Pinot, as I have said, can vary enormously but its essential characteristic is charm. It tends to be fruity, perfumed and haunting. It dances on the palate rather than overpowering it. Heavy tannins and deep colour are not essential elements in a fine Pinot Noir - not even in a young Pinot Noir. In fact some of my favourite burgundies are not grand, long-living monsters but lively, sprightly essences of place, sometimes just a general village wine - not one labelled with the name of a grand cru or even a premier cru but one carrying simply the name of a village.

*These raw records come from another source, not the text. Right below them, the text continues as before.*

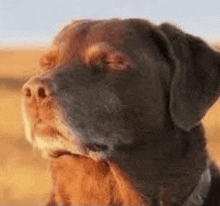 a close up of a brown and black dog looking at the camera .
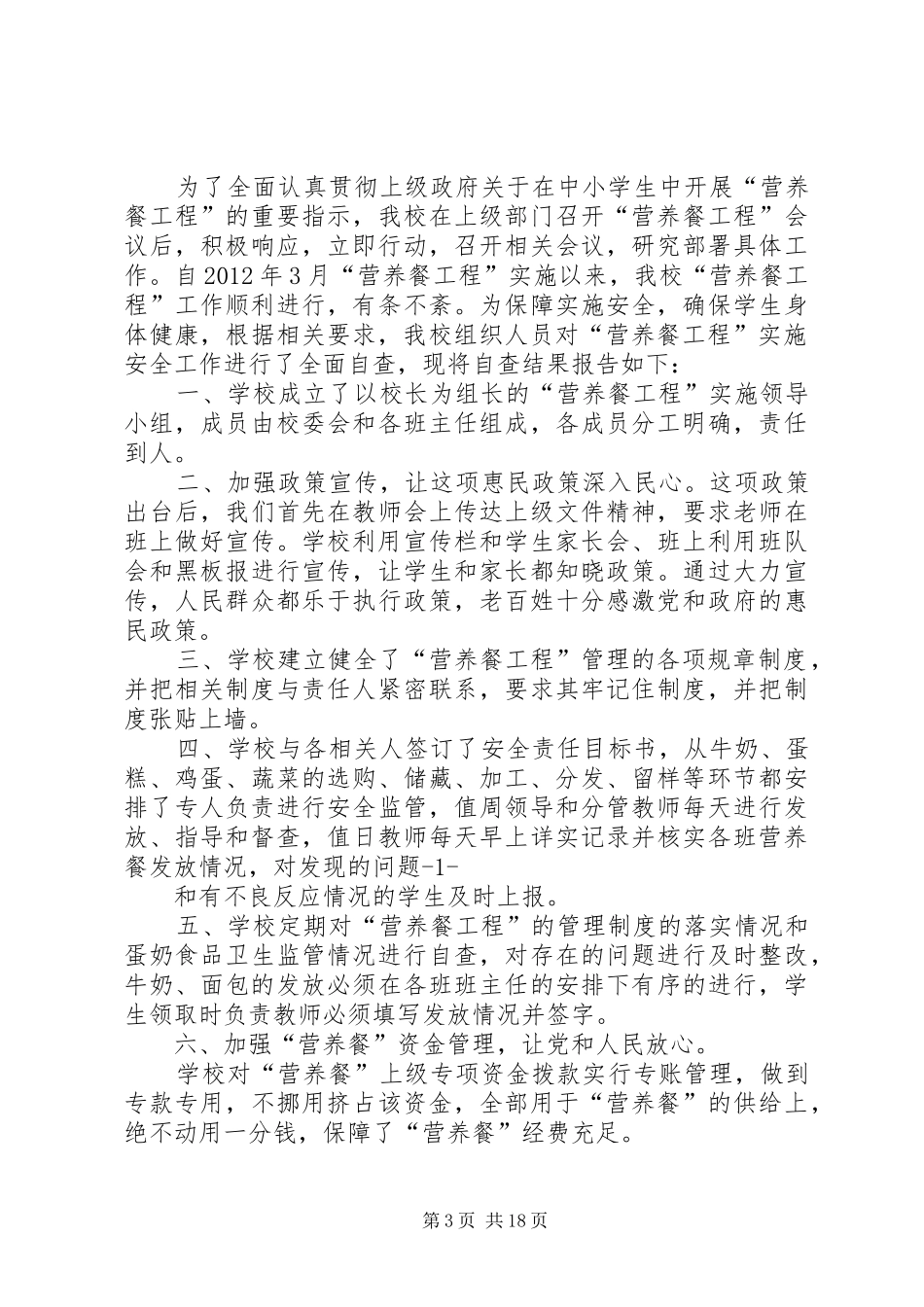 营养餐自查报告_第3页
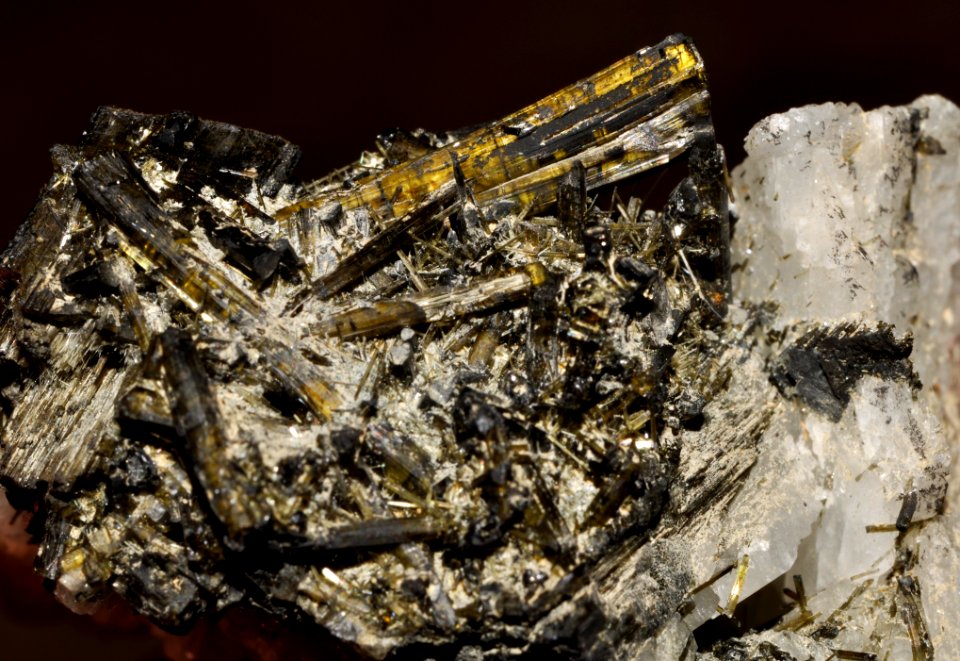 Tourmalines var. dravites et schorls (Brésil)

Pinot Noir does not tend to live as long as Cabernet Sauvignon and great Merlot. Many simpler examples reach a peak at just four years. Premiers crus can be delicious at six to eight. I have had some fine red burgundies from the 1940s and even 1920s but they are much less common than great relics from Bordeaux (admittedly this is partly because they are made in much smaller quantity).
Countrified, slightly coarser Pinot Noir is made to the south of Côte d'Or in the Côte Chalonnaise. Indeed this is the dominant good-quality red wine grape in most of the north-east corner of France, including such varied locales as Sancerre, Jura, parts of Savoie and of course Champagne where, untinted by contact with the skins, it is a vital ingredient in most champagnes with its blending partners Chardonnay and a cousin called Pinot Meunier.
Across France's eastern border Pinot Noir, as Spätburgunder, is the most highly regarded red wine grape in Germany (where plantings have been increasing at a phenomenal rate), Switzerland and to a lesser extent in Austria. Here the wine tends to be paler and sweeter, although increasing skill with growing techniques and oak ageing is resulting in deeper and more concentrated wines.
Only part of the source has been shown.